**REQUIREMENT:**
Your task is to print all of the entries exactly, though the pictures should not be included.

**DATA RECORDS:**
_ _ _ _ _

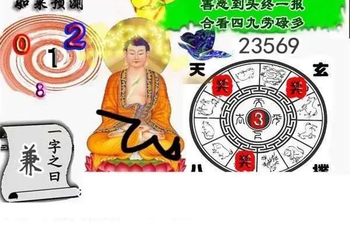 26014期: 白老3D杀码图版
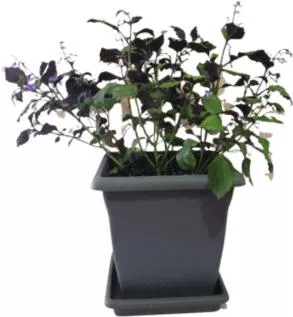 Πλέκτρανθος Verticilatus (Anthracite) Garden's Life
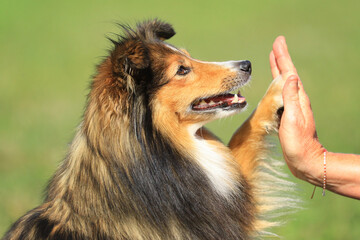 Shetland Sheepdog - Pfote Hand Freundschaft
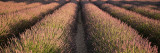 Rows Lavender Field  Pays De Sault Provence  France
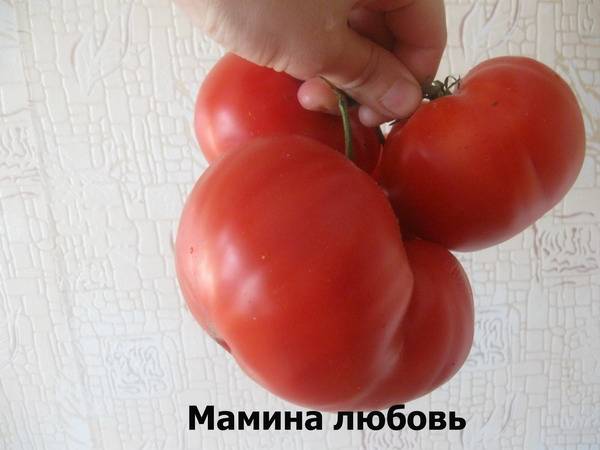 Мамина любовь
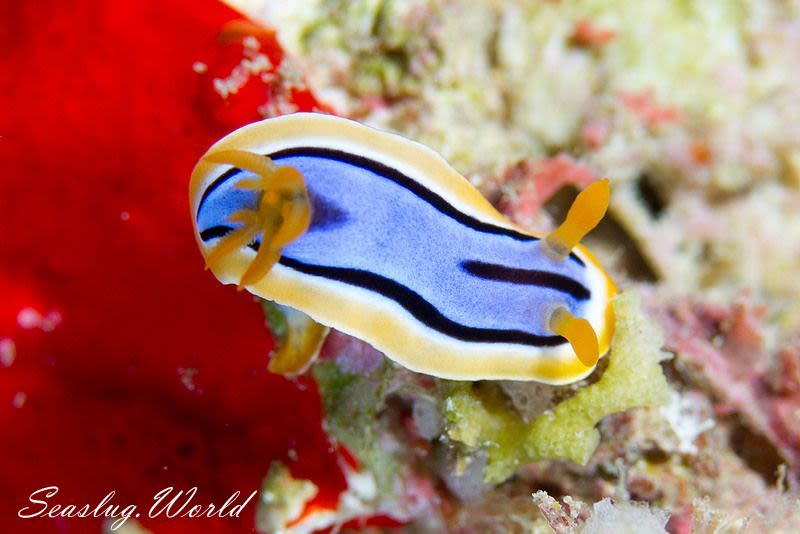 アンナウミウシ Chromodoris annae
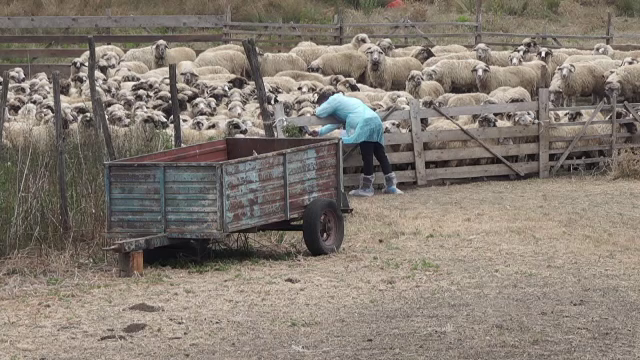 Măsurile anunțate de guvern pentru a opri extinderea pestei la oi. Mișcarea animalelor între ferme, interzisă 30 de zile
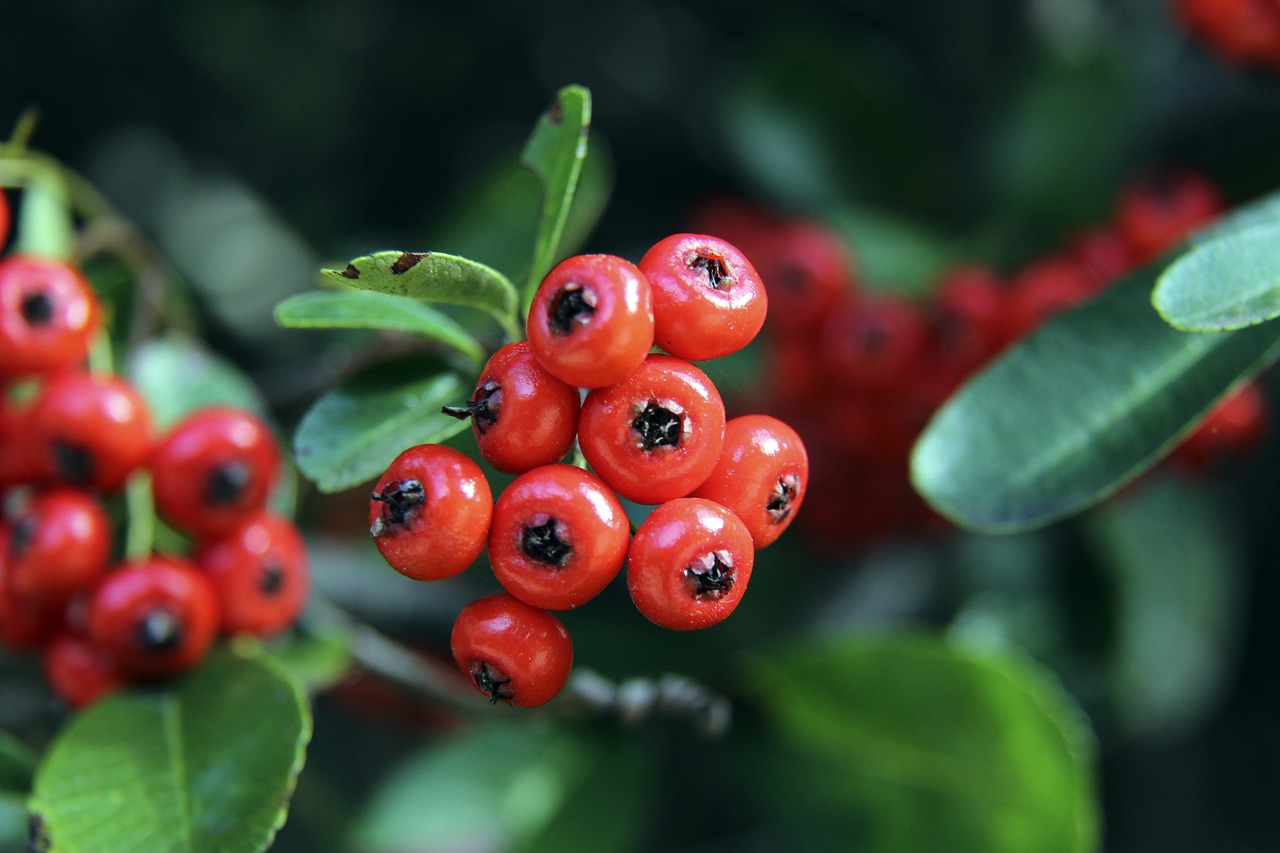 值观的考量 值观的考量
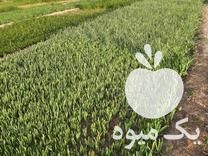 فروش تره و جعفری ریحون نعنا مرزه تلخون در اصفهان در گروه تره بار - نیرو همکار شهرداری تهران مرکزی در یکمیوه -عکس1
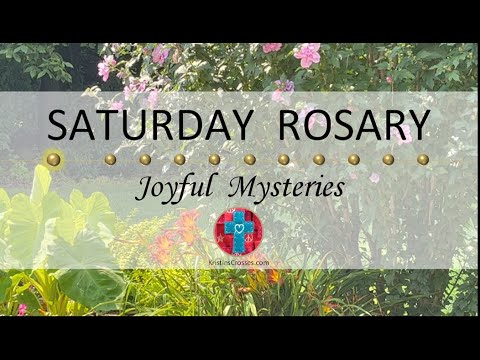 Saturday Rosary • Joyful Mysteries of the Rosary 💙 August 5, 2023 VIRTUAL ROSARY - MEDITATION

_ _ _ _ _

**ANSWER TO THIS EXERCISE:**
 26014期: 白老3D杀码图版
 Πλέκτρανθος Verticilatus (Anthracite) Garden's Life
 Shetland Sheepdog - Pfote Hand Freundschaft
 Rows Lavender Field  Pays De Sault Provence  France
 Мамина любовь
 アンナウミウシ Chromodoris annae
 Măsurile anunțate de guvern pentru a opri extinderea pestei la oi. Mișcarea animalelor între ferme, interzisă 30 de zile
 值观的考量 值观的考量
 فروش تره و جعفری ریحون نعنا مرزه تلخون در اصفهان در گروه تره بار - نیرو همکار شهرداری تهران مرکزی در یکمیوه -عکس1
 Saturday Rosary • Joyful Mysteries of the Rosary 💙 August 5, 2023 VIRTUAL ROSARY - MEDITATION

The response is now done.